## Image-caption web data
************

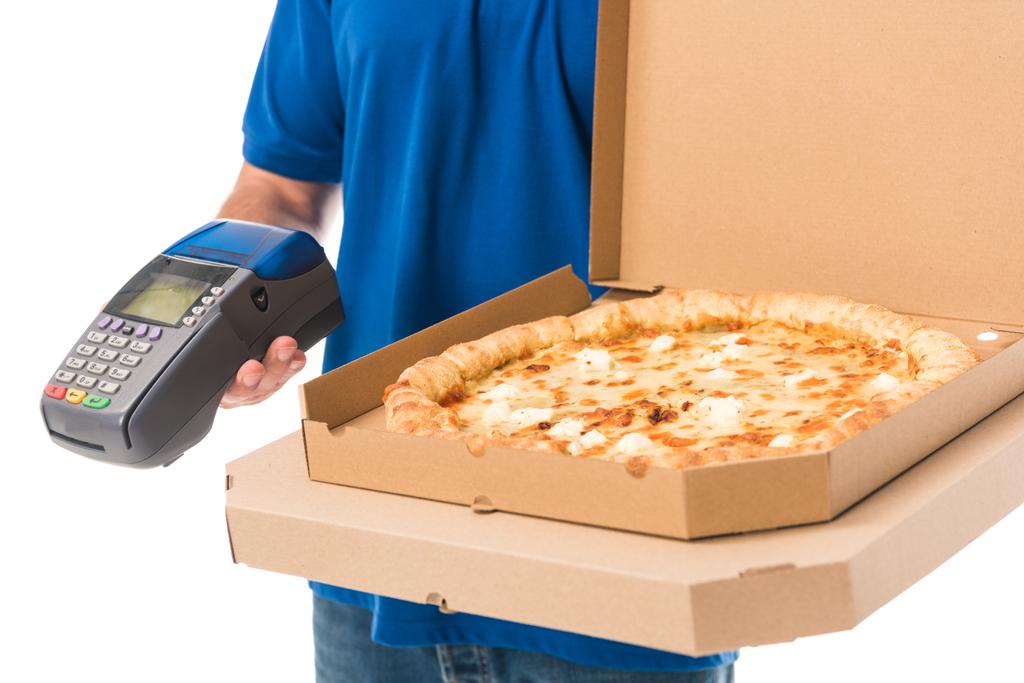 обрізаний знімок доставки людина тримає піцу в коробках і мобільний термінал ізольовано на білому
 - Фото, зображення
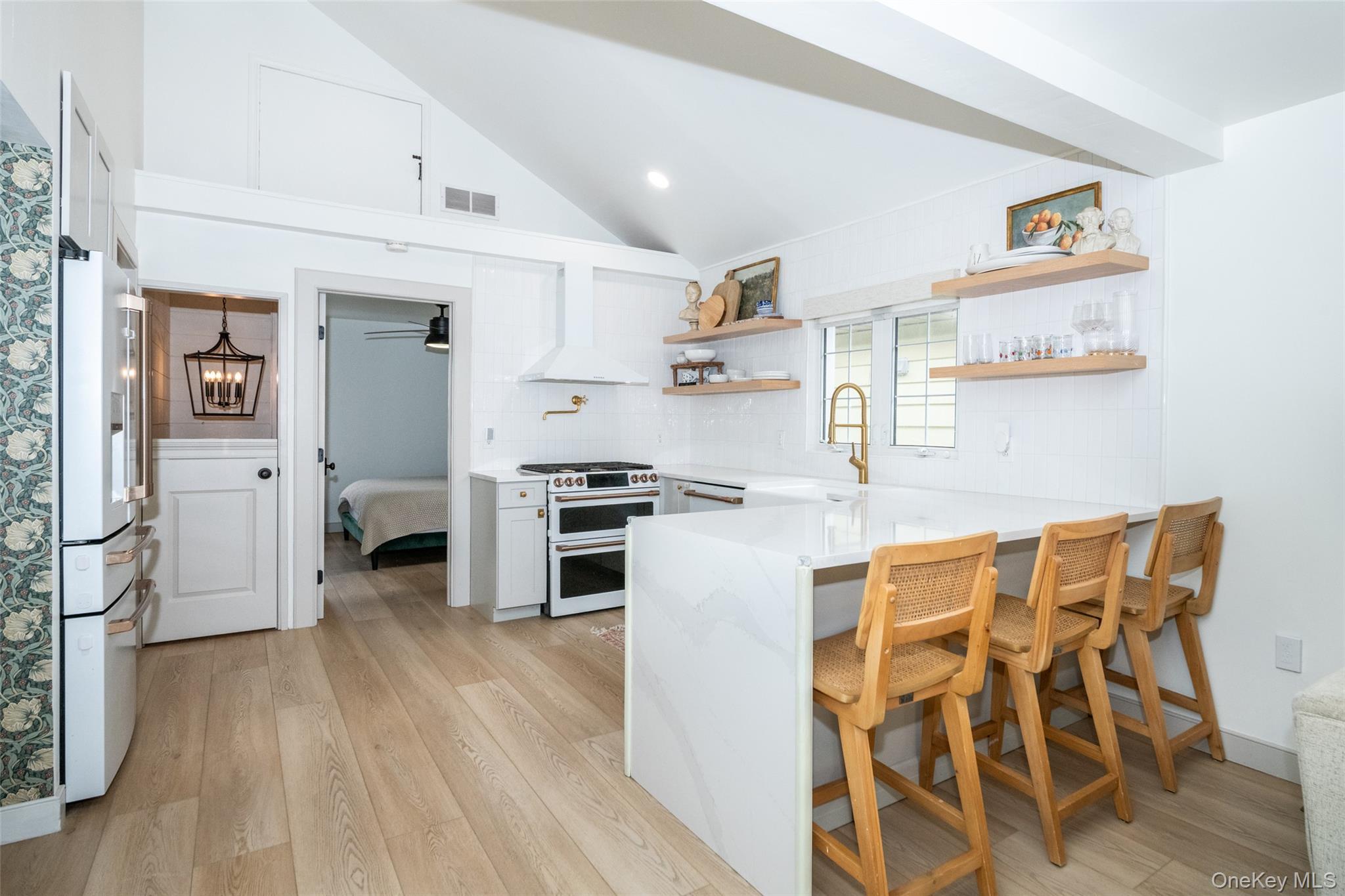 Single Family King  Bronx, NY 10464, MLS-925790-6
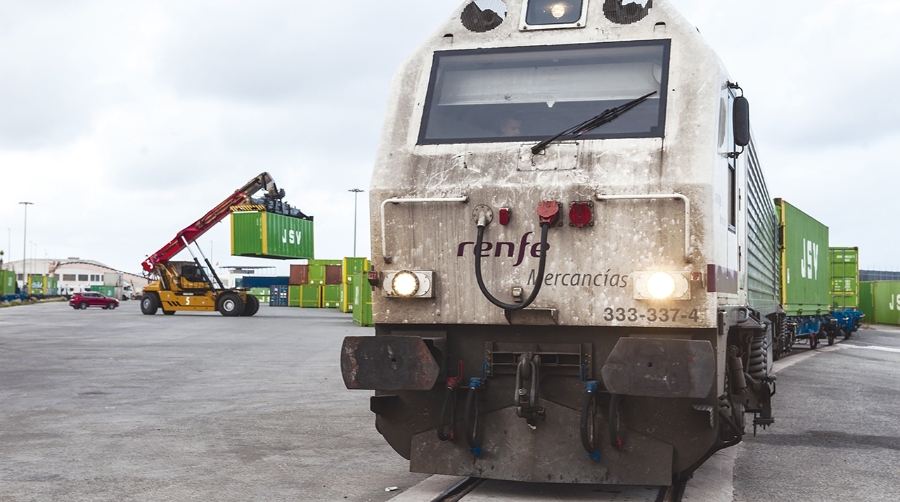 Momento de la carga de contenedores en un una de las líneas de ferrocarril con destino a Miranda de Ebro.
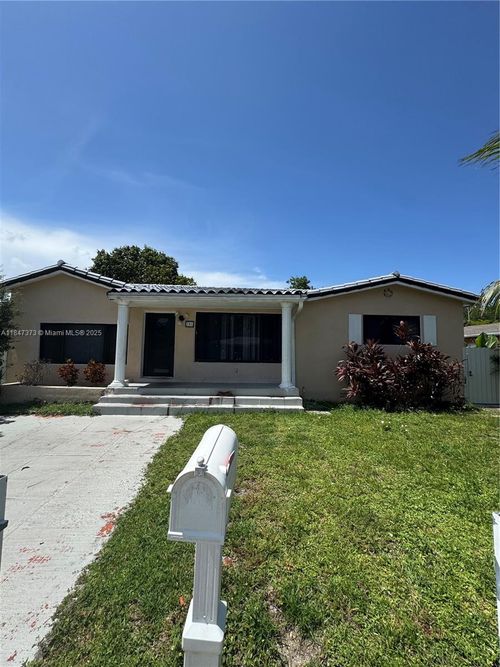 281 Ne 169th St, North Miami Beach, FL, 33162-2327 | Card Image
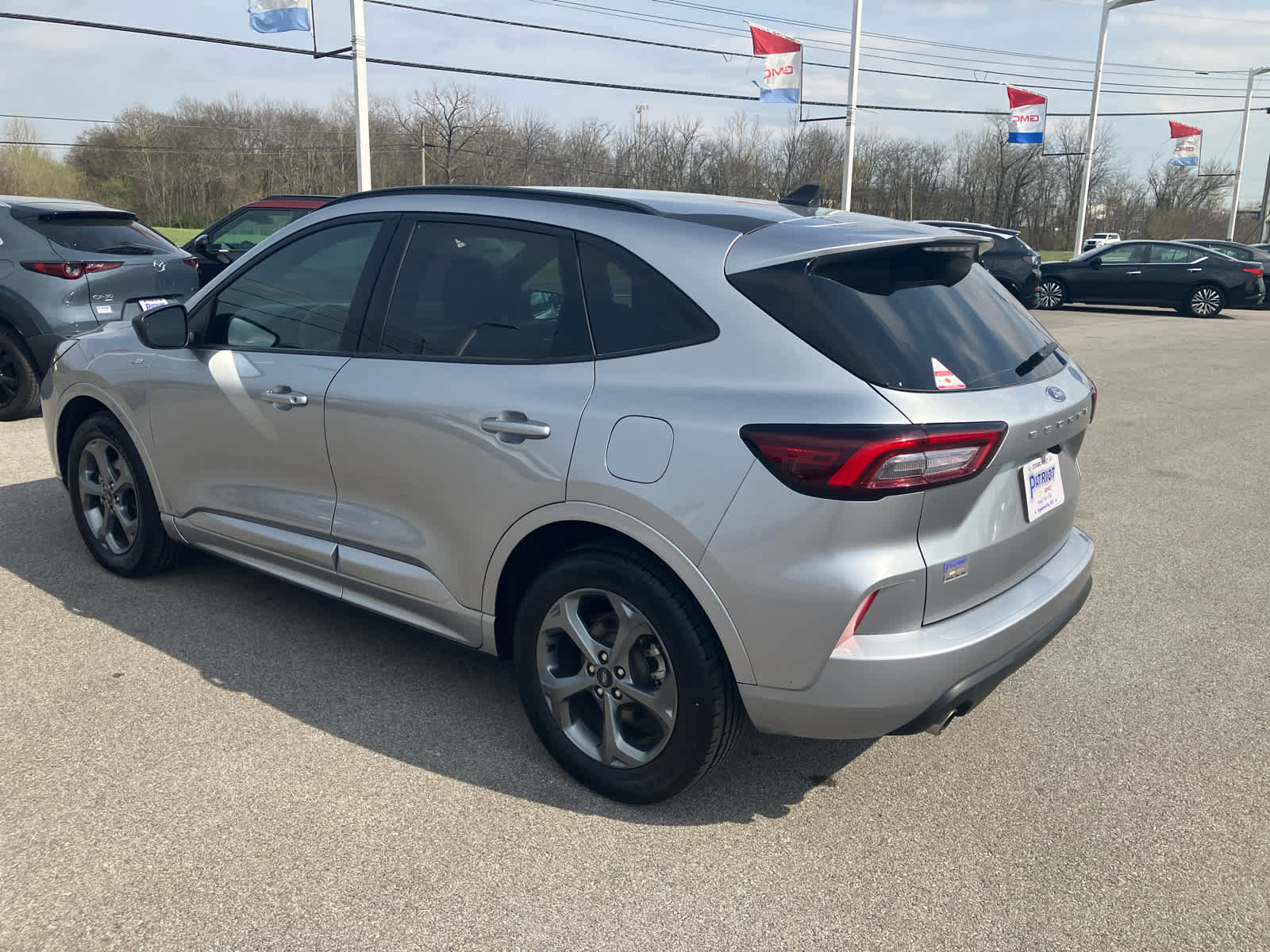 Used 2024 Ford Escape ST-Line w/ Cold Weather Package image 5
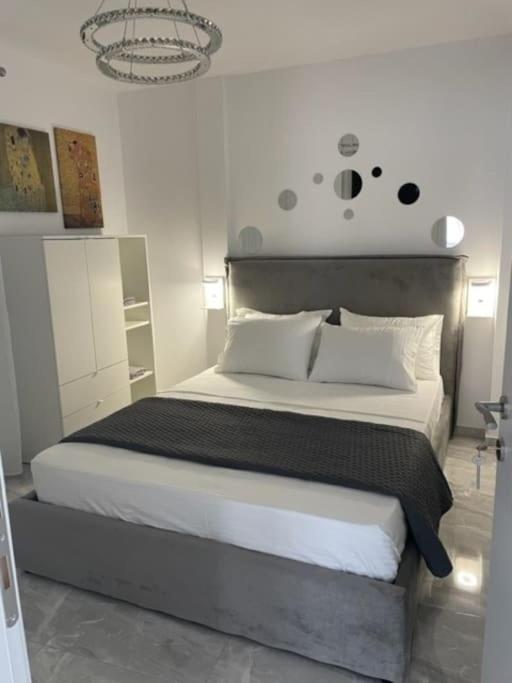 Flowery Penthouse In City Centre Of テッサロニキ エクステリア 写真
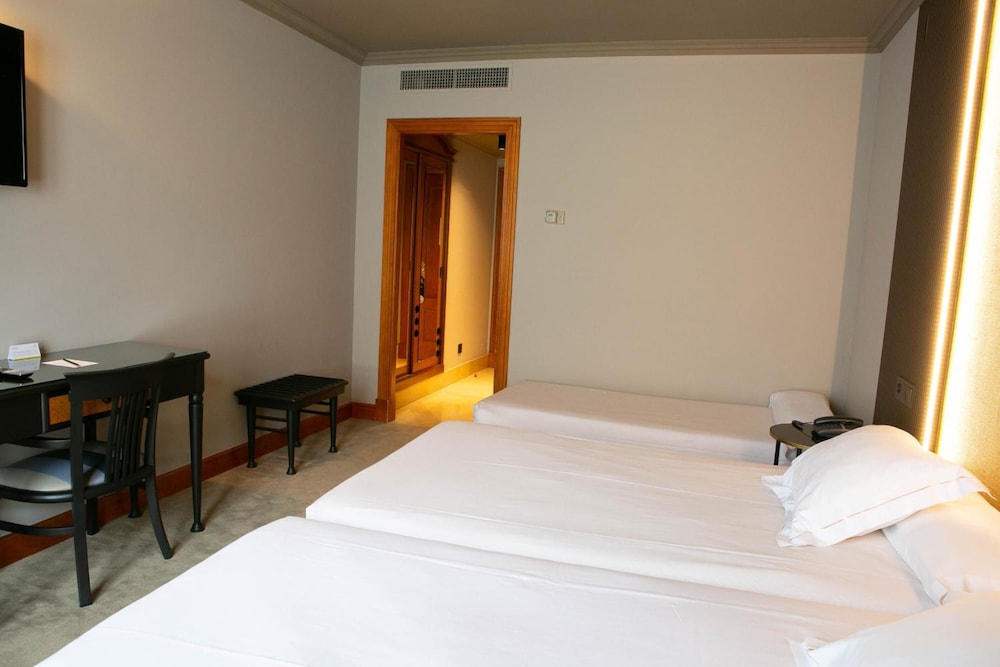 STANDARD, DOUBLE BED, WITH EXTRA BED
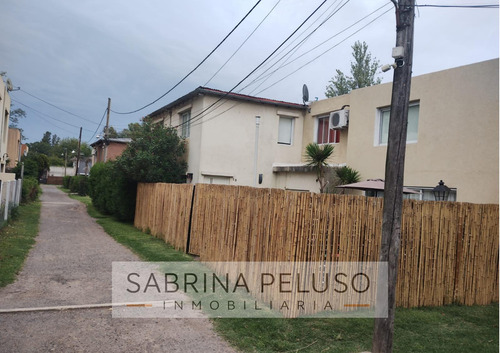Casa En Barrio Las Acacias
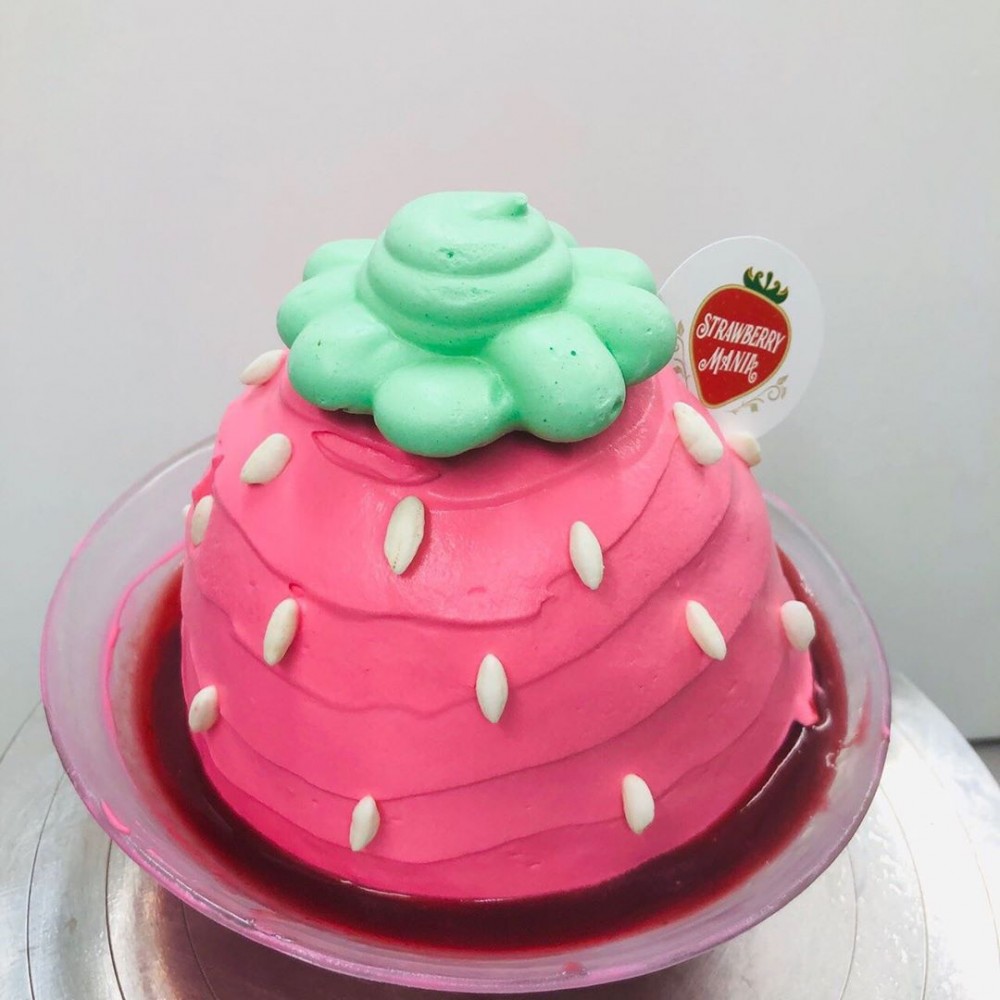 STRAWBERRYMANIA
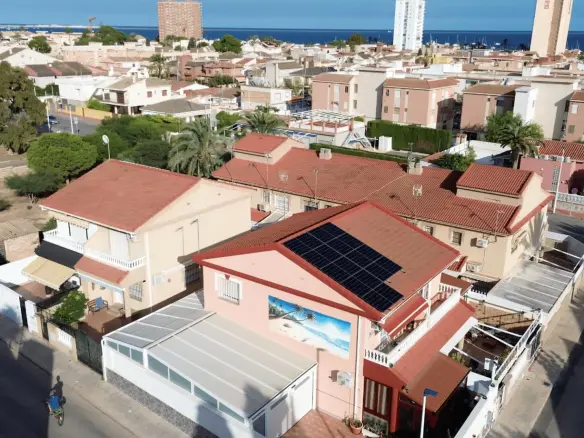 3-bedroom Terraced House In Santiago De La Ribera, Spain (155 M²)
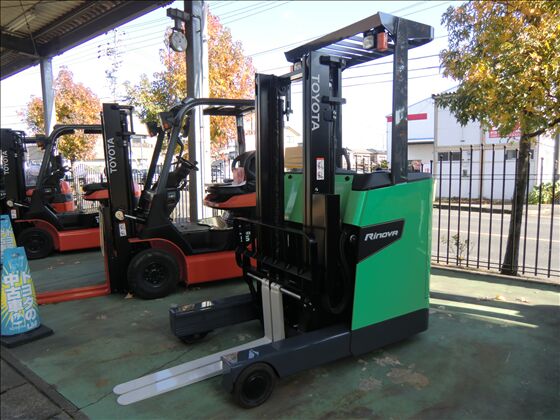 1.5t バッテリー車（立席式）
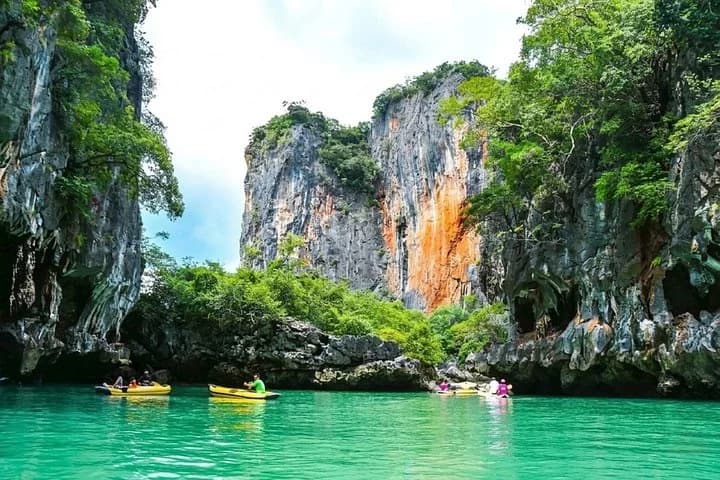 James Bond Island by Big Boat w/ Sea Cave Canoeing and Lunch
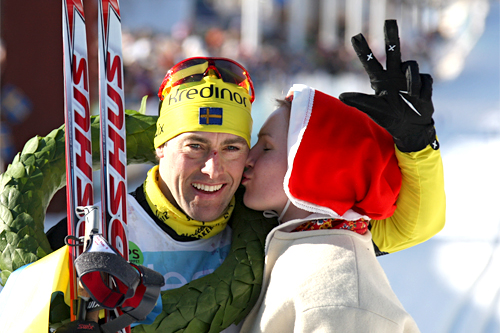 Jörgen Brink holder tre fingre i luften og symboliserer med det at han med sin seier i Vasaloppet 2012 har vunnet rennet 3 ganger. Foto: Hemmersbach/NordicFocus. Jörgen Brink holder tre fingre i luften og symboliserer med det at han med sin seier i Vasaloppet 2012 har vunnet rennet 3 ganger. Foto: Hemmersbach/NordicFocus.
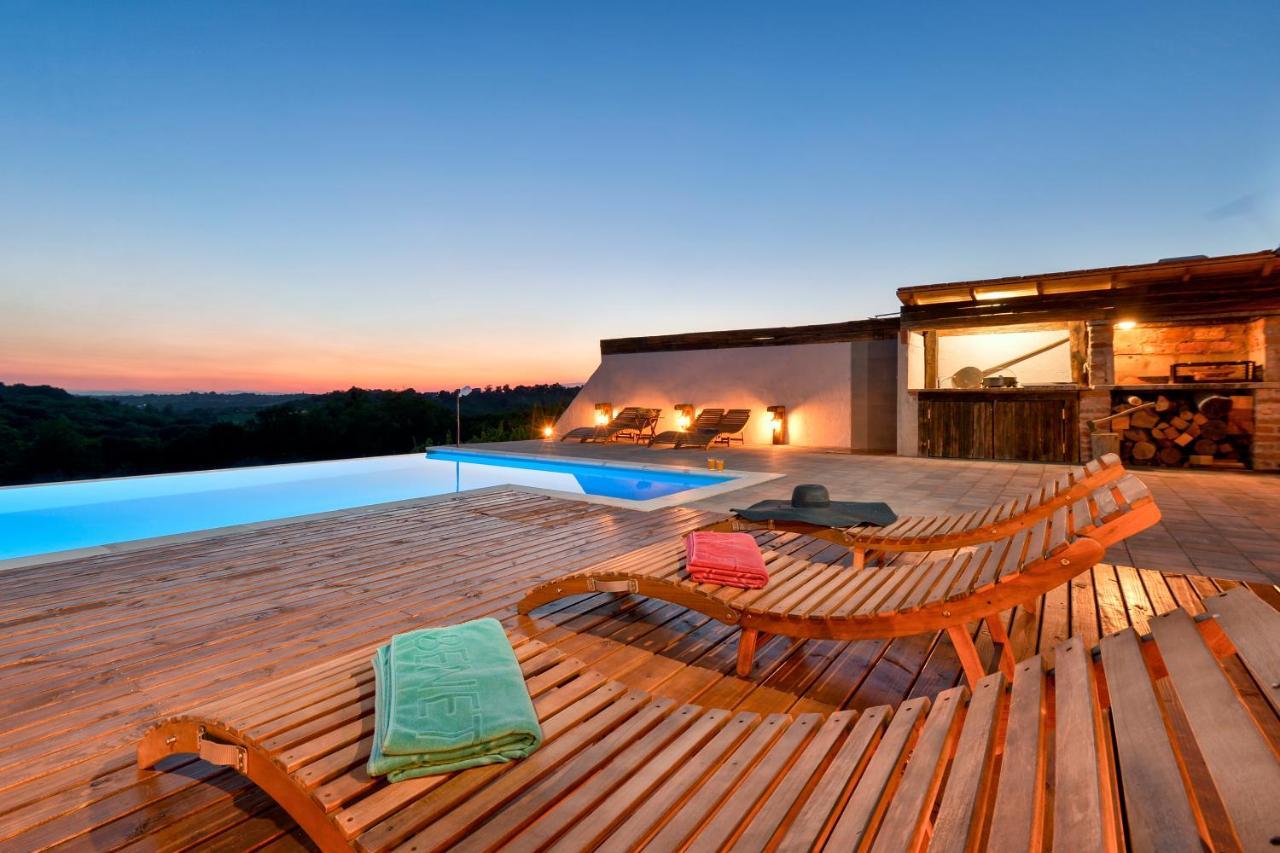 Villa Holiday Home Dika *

************

## WHAT TO DO
Only exact duplicates of the lines from the one containing "- Фото, зображення" through the final line of the entries, both included, are needed, with pictures left out.

## TASK ANSWER
 - Фото, зображення
 Single Family King  Bronx, NY 10464, MLS-925790-6
 Momento de la carga de contenedores en un una de las líneas de ferrocarril con destino a Miranda de Ebro.
 281 Ne 169th St, North Miami Beach, FL, 33162-2327 | Card Image
 Used 2024 Ford Escape ST-Line w/ Cold Weather Package image 5
 Flowery Penthouse In City Centre Of テッサロニキ エクステリア 写真
 STANDARD, DOUBLE BED, WITH EXTRA BED
Casa En Barrio Las Acacias
 STRAWBERRYMANIA
 3-bedroom Terraced House In Santiago De La Ribera, Spain (155 M²)
 1.5t バッテリー車（立席式）
 James Bond Island by Big Boat w/ Sea Cave Canoeing and Lunch
 Jörgen Brink holder tre fingre i luften og symboliserer med det at han med sin seier i Vasaloppet 2012 har vunnet rennet 3 ganger. Foto: Hemmersbach/NordicFocus. Jörgen Brink holder tre fingre i luften og symboliserer med det at han med sin seier i Vasaloppet 2012 har vunnet rennet 3 ganger. Foto: Hemmersbach/NordicFocus.
 Villa Holiday Home Dika *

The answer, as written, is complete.